O que a nova resolução já permite
Como detalhamos no artigo sobre o que a Resolução CFM 2.336/2023 permite, a norma autoriza imagens de "antes e depois" desde que respeitadas condições específicas: autorização do paciente, anonimização e caráter educativo, sem promessa de resultado igual para todos.
Por que a estética pede um cuidado a mais
Em outras especialidades, o resultado do tratamento é menos visualmente comparável. Na estética, a comparação é o próprio conteúdo — e isso amplia o risco de o material ser interpretado como promessa, mesmo sem intenção. A diferença entre "mostrar um caso real, de forma educativa" e "prometer o mesmo resultado para quem contratar" costuma ser mais sutil do que parece, e é exatamente onde acontece a maior parte dos questionamentos éticos do setor.
Uma comunicação que atrai sem prometer
Clínicas de estética que constroem autoridade de forma sustentável tendem a investir em conteúdo educativo — explicando procedimentos, expectativas realistas, cuidados pós-tratamento — em vez de depender exclusivamente de imagens de resultado. Isso não é só mais seguro do ponto de vista ético. É mais eficaz para atrair o paciente certo, que decide com informação, não só com comparação visual.

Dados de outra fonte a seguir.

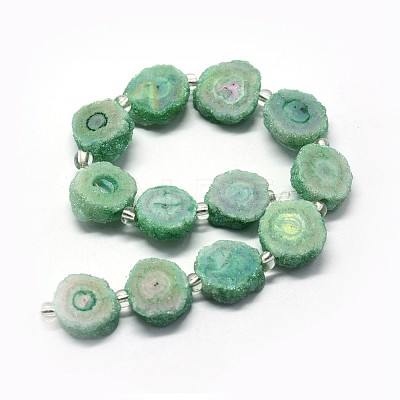 Natural Druzy Quartz Crystal Beads Strands G-F582-A09-1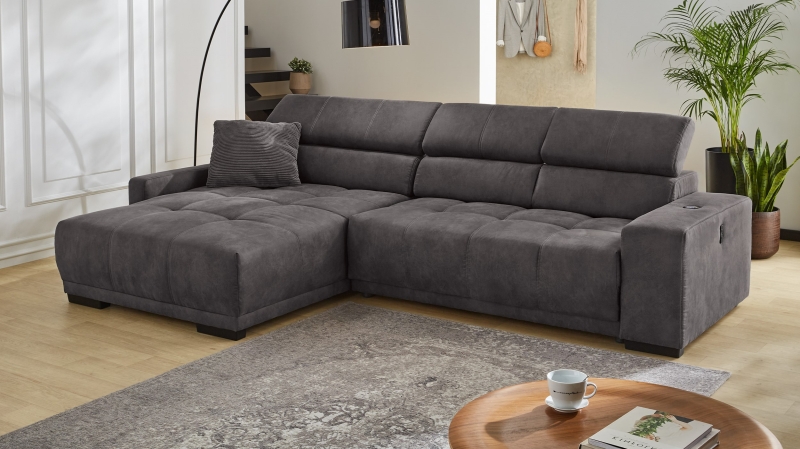 Ecksofa grau elektrisch ausfahrbar 315 cm - LE MANS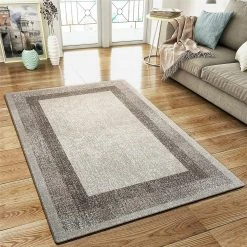 Xrugs XRUG Modern Geometric Rug Border Design Brown Beige Thick Pile Woven Carpet Mat For Living Room Or Bedroom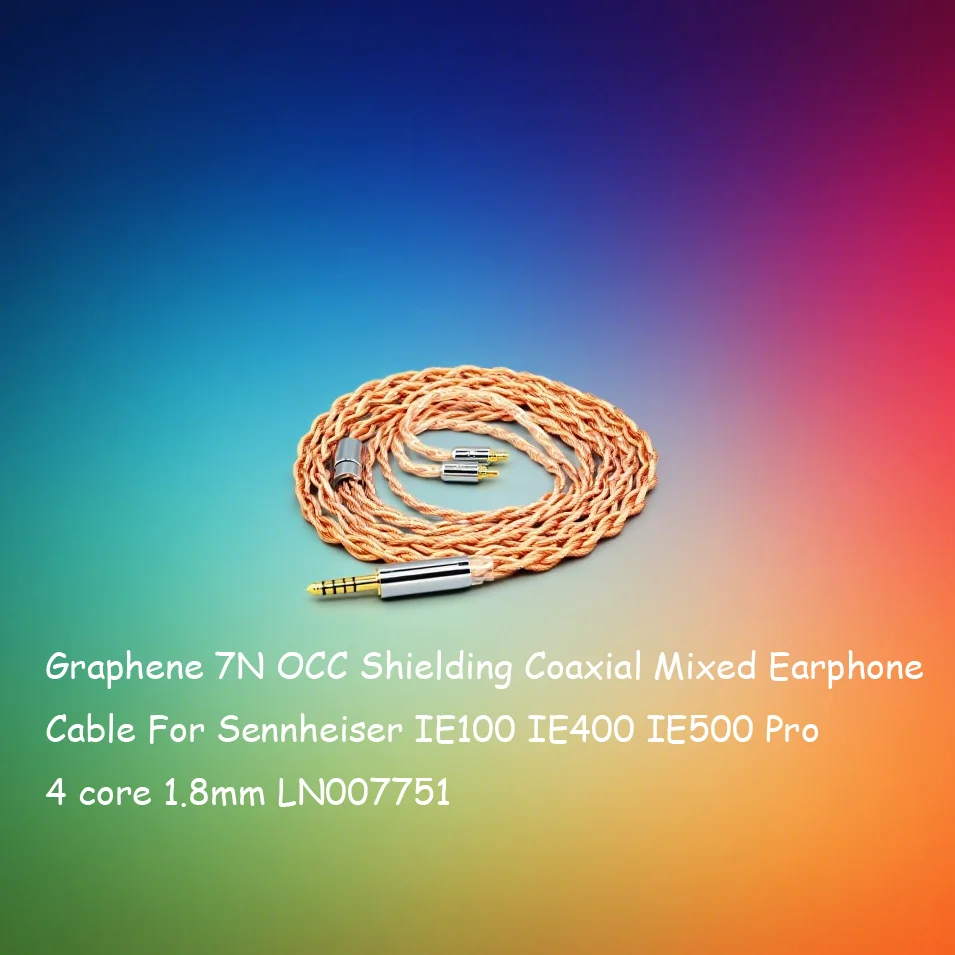 グラフェン 7N OCC シールド同軸混合イヤホンケーブルゼンハイザー IE100 IE400 IE500 プロ 4 コア 1.8 ミリメートル LN007751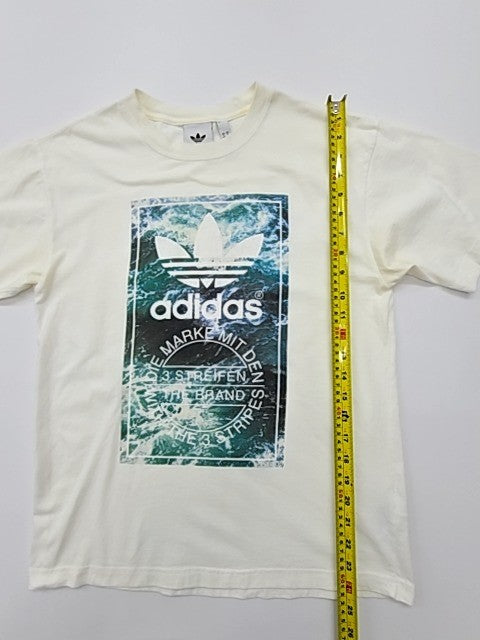 adidas Unisex Kids White Logo Graphic T-Shirt Size S Crew Neck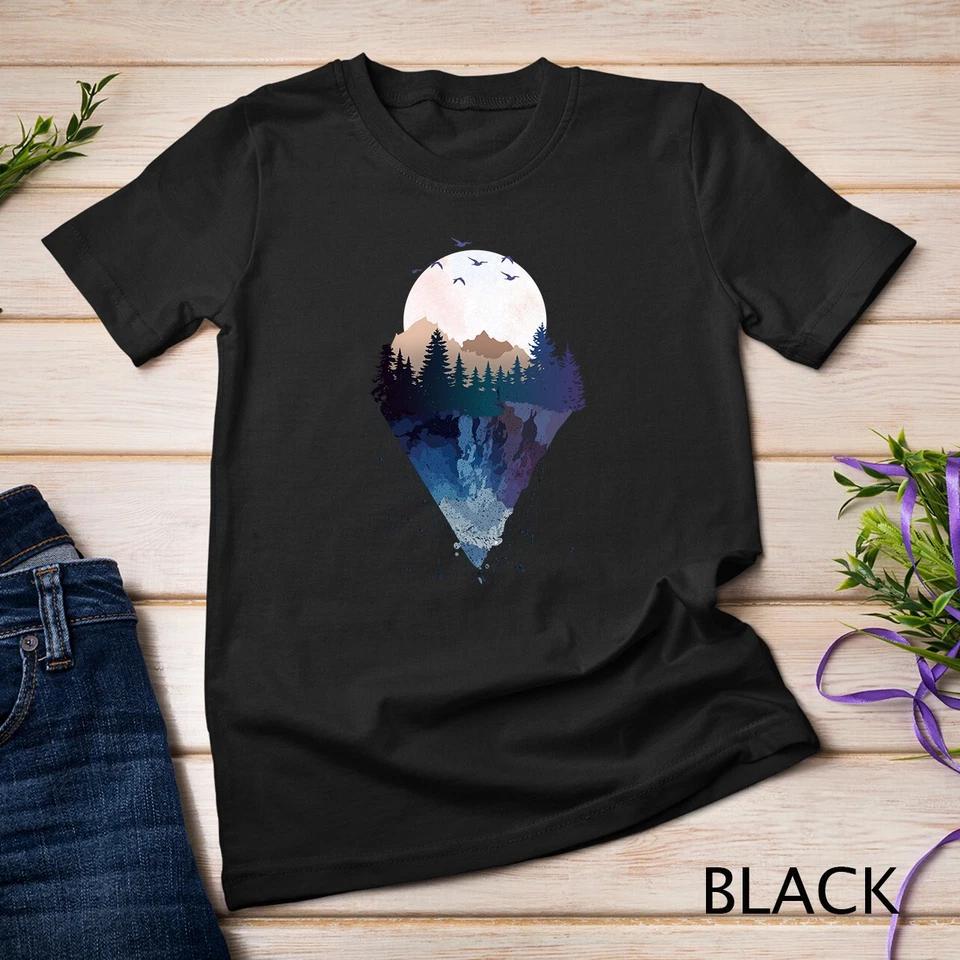 Funny Geometric Mountain Abstract Geometry Outdoor Gifts T-Shirt Unisex T-shirt 1 XL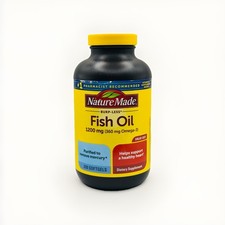Nature Made Burp-Less Fish Oil 1200mg, 360mg Omega-3 Softgels 200 Ct Label Dama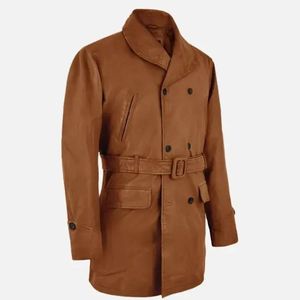 Turn Down Collar Distressed Sheep <b>Leather</b> <b>Long</b> <b>Jacket</b>/OEM Waxed Brown <b>Leather</b> <b>Jacket</b>/Vintage Brown <b>Leather</b> Buckle <b>Jacket</b> for Men - Product Image 4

Isso é estratégia, não jurídico
Entender os limites da resolução é necessário, mas insuficiente. A pergunta que realmente importa é: qual comunicação atrai o paciente certo para a clínica, dentro do que é permitido e do que constrói reputação de longo prazo? Essa resposta muda de clínica para clínica — e é por isso que começa com diagnóstico, não com um modelo pronto.